Working data Start Marker
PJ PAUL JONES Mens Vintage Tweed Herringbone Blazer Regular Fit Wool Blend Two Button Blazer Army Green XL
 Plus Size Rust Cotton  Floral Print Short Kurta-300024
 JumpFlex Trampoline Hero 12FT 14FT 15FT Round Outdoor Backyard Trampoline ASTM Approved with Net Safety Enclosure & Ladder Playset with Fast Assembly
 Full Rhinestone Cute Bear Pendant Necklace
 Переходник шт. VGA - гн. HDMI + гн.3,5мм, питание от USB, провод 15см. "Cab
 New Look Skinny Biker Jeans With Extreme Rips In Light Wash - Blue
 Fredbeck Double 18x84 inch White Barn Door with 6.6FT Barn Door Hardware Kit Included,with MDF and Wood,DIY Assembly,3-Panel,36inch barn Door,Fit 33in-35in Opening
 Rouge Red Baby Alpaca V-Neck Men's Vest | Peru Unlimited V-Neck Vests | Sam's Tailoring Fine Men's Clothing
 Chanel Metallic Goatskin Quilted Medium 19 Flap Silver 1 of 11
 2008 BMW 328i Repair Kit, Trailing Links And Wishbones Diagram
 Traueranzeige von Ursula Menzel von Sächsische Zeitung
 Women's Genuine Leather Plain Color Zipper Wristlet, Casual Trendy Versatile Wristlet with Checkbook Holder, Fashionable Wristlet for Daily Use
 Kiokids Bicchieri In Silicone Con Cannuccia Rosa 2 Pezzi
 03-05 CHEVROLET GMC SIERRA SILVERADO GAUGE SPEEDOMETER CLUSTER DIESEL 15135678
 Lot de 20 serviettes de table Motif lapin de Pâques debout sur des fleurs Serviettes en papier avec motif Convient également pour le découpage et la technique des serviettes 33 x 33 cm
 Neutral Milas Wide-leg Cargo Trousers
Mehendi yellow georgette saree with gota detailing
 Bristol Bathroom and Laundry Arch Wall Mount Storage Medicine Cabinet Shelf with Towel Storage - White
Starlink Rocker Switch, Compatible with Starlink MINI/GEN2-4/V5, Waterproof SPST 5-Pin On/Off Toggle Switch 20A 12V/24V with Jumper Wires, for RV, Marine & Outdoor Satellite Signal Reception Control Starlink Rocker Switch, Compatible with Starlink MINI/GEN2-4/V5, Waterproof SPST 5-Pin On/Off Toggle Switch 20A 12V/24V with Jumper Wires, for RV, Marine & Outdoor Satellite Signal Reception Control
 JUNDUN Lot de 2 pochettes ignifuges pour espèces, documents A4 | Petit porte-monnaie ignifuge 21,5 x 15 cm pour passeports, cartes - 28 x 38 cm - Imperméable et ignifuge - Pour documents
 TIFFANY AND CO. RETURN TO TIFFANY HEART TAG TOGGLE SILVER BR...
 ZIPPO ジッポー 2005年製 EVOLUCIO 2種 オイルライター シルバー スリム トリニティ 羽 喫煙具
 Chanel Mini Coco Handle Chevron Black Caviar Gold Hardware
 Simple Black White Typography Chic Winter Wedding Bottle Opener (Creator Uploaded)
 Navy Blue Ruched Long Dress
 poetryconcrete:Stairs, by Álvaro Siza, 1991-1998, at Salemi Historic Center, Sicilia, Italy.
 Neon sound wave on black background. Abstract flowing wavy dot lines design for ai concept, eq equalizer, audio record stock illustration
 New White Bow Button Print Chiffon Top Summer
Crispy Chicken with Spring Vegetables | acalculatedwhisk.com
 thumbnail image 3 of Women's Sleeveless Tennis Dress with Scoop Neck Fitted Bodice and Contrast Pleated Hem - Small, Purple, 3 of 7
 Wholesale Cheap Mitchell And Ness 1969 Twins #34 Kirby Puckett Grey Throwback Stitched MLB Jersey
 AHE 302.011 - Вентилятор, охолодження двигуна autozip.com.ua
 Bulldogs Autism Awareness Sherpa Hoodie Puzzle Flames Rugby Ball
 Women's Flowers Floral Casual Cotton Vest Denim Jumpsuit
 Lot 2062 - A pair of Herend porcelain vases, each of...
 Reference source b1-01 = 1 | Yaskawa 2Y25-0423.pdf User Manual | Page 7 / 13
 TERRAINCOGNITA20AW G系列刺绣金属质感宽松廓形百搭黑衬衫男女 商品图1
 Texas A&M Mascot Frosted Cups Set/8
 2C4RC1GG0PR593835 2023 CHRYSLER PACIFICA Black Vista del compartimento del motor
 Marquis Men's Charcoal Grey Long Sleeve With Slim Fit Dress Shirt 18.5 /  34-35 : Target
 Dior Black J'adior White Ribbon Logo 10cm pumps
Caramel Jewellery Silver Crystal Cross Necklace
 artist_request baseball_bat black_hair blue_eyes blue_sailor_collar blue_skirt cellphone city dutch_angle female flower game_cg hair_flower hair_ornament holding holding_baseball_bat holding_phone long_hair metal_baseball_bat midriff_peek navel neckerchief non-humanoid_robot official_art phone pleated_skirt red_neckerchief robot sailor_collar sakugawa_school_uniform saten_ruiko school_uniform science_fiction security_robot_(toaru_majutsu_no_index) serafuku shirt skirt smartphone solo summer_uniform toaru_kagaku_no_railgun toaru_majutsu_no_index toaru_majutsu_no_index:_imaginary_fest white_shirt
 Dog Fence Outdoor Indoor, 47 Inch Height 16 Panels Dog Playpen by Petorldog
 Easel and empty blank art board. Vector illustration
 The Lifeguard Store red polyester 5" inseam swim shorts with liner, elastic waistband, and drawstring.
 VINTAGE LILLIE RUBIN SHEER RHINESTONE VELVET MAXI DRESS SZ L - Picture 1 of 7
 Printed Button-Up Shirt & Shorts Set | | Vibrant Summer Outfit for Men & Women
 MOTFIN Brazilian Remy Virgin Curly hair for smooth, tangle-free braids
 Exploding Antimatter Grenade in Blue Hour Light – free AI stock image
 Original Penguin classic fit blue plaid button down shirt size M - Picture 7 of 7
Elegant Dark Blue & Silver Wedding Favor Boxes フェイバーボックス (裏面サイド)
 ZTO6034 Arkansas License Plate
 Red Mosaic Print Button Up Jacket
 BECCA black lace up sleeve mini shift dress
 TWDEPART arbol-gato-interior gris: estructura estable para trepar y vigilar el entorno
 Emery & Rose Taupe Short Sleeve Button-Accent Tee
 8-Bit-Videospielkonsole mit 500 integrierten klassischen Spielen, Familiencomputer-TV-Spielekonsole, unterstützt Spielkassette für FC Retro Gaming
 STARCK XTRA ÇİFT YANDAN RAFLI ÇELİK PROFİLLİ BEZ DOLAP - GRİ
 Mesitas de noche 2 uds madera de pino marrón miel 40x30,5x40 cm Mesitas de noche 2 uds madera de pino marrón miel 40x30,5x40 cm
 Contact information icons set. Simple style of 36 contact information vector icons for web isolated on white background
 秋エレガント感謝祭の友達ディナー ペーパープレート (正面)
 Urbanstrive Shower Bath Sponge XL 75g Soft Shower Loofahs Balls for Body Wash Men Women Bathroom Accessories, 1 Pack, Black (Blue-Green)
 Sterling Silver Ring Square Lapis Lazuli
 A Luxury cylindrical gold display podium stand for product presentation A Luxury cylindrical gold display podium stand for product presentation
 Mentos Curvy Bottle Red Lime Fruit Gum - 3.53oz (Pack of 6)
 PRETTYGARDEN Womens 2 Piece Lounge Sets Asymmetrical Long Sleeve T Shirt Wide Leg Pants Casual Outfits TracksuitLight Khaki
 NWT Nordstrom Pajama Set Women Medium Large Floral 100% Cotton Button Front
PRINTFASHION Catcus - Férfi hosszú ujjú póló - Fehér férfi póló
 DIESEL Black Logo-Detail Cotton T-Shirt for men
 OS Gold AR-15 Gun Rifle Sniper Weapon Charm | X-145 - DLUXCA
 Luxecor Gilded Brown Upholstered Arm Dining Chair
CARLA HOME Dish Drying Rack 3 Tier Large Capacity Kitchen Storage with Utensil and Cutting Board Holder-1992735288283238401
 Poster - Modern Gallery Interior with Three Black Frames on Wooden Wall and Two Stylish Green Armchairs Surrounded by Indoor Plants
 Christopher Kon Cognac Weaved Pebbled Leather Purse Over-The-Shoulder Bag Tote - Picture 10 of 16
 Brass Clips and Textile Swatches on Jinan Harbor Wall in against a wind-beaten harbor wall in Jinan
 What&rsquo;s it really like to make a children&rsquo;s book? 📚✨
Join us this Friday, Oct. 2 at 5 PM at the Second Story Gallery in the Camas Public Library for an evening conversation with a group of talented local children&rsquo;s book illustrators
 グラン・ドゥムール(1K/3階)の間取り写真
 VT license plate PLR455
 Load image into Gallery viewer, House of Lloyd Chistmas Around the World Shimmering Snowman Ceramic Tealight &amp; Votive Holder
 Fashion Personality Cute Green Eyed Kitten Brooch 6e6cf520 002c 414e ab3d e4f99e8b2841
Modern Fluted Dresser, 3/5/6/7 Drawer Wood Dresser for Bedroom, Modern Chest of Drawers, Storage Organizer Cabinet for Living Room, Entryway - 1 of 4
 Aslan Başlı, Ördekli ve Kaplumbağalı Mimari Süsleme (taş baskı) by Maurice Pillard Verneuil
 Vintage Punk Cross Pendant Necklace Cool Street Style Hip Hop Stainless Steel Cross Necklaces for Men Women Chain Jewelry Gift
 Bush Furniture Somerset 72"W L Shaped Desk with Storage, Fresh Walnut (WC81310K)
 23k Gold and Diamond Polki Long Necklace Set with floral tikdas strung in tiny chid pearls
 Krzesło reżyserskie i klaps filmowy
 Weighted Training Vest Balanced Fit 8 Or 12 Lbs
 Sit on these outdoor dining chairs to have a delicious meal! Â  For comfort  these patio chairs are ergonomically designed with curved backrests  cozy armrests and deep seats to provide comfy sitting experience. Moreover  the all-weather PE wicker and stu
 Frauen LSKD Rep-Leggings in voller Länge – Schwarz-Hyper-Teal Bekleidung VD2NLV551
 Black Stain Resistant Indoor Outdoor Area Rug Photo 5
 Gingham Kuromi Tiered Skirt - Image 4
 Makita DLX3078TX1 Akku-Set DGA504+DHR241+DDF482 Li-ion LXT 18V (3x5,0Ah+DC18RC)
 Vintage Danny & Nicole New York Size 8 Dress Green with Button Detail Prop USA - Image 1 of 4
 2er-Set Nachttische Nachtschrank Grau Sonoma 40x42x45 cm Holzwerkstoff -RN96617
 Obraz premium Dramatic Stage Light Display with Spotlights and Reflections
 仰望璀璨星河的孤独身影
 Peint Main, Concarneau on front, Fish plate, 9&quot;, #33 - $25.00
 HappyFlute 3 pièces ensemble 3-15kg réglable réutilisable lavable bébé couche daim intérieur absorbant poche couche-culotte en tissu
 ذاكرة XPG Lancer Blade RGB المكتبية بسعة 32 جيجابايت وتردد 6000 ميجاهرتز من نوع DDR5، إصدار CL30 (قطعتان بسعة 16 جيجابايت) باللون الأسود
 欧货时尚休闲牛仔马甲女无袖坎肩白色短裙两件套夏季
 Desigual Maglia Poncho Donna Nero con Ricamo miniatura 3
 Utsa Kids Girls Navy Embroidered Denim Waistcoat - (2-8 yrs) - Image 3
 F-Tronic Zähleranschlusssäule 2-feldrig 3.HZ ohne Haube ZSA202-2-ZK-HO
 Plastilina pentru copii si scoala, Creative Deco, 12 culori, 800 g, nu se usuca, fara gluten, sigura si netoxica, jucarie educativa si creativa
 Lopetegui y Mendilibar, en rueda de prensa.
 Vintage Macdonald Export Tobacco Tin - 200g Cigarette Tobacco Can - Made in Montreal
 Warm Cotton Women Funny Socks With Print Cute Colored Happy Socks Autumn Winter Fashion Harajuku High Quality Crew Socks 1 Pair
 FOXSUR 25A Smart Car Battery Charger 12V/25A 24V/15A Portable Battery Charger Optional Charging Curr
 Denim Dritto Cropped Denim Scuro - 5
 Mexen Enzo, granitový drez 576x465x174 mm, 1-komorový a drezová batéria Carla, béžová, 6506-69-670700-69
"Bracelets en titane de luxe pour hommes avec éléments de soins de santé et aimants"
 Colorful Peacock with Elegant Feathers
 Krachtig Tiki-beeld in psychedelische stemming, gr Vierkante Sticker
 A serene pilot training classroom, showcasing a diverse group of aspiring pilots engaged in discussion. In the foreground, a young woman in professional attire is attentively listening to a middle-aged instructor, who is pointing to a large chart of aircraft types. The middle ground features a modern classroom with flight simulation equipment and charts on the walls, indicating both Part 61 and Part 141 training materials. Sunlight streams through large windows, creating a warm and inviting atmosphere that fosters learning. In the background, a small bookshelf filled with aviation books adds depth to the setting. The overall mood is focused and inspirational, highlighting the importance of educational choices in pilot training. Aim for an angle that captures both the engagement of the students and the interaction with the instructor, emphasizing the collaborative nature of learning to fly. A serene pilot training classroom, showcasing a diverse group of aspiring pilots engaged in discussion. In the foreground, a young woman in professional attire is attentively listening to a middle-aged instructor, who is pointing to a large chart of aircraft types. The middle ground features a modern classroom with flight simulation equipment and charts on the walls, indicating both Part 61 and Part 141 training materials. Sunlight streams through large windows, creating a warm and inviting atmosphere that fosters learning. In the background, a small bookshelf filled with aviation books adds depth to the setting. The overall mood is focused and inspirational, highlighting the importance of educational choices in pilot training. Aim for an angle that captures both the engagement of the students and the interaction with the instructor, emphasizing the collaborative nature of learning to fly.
Working data End Marker
What is expected: In the data above, repeat exactly each line from the first through the line that contains "Traueranzeige von Ursula", and give nothing else.

Your response:
PJ PAUL JONES Mens Vintage Tweed Herringbone Blazer Regular Fit Wool Blend Two Button Blazer Army Green XL
 Plus Size Rust Cotton  Floral Print Short Kurta-300024
 JumpFlex Trampoline Hero 12FT 14FT 15FT Round Outdoor Backyard Trampoline ASTM Approved with Net Safety Enclosure & Ladder Playset with Fast Assembly
 Full Rhinestone Cute Bear Pendant Necklace
 Переходник шт. VGA - гн. HDMI + гн.3,5мм, питание от USB, провод 15см. "Cab
 New Look Skinny Biker Jeans With Extreme Rips In Light Wash - Blue
 Fredbeck Double 18x84 inch White Barn Door with 6.6FT Barn Door Hardware Kit Included,with MDF and Wood,DIY Assembly,3-Panel,36inch barn Door,Fit 33in-35in Opening
 Rouge Red Baby Alpaca V-Neck Men's Vest | Peru Unlimited V-Neck Vests | Sam's Tailoring Fine Men's Clothing
 Chanel Metallic Goatskin Quilted Medium 19 Flap Silver 1 of 11
 2008 BMW 328i Repair Kit, Trailing Links And Wishbones Diagram
 Traueranzeige von Ursula Menzel von Sächsische Zeitung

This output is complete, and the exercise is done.